The company invested via the company investment entities in Mainland China to invest in Shenzhen PixinLED Technology Co.,Ltd. Except for the investment via the holding companies in Mainland China, other investments shall not be approved by Investment Commission of the Ministry of Economic Affairs.
Note D: In accordance with “Rules Governing Applications for Investment or Technical Cooperation in Mainland China”, the Company has obtained the certificate of being qualified for operating headquarters, issued by the Industrial Development Bureau of the Ministry of Economic Affairs, the ceiling amount of the investment in Mainland China is not applicable to the Company.
Ⅰ. The amount approved by the Investment Commission of Ministry of Economic Affairs (MOEA) is USD 10,000 thousand, Amlink (Shanghai) Ltd. has finished liquidation in December 2019 but has not yet applied for the cancellation of investment with the Investment Commission of MOEA.
II. The amount approved by the Investment Commission of Ministry of Economic Affairs (MOEA) is USD 34,676 thousand, Interface Technology (ChengDu) Co., Ltd. disposed the equity interest held in its parent company, General Interface Solution (GIS) Holding Limited, on the open market but has not yet applied for the cancellation of investment with the Investment Commission of MOEA.

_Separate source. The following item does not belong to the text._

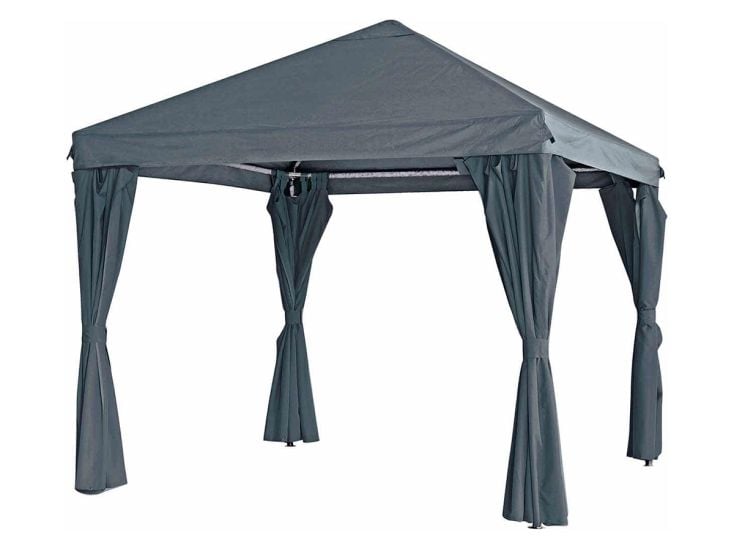 Outdoor Feelings 3 x 3 m Polar pavillon - Gris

III. The Group adjusted the investment structure in the fourth quarter of 2020. InnoCare Optoelectronics Corporation acquired 100% of shares in Ningbo Innolux Electronics Ltd. The investment amount of InnoCare Optoelectronics Corporation
to Ningbo Innolux Electronics Ltd. approved by the Investment Commission of Ministry of Economic Affairs (MOEA) is USD 3,172 thousand. However, as of December 31, 2020, the investment amount has not yet been remitted.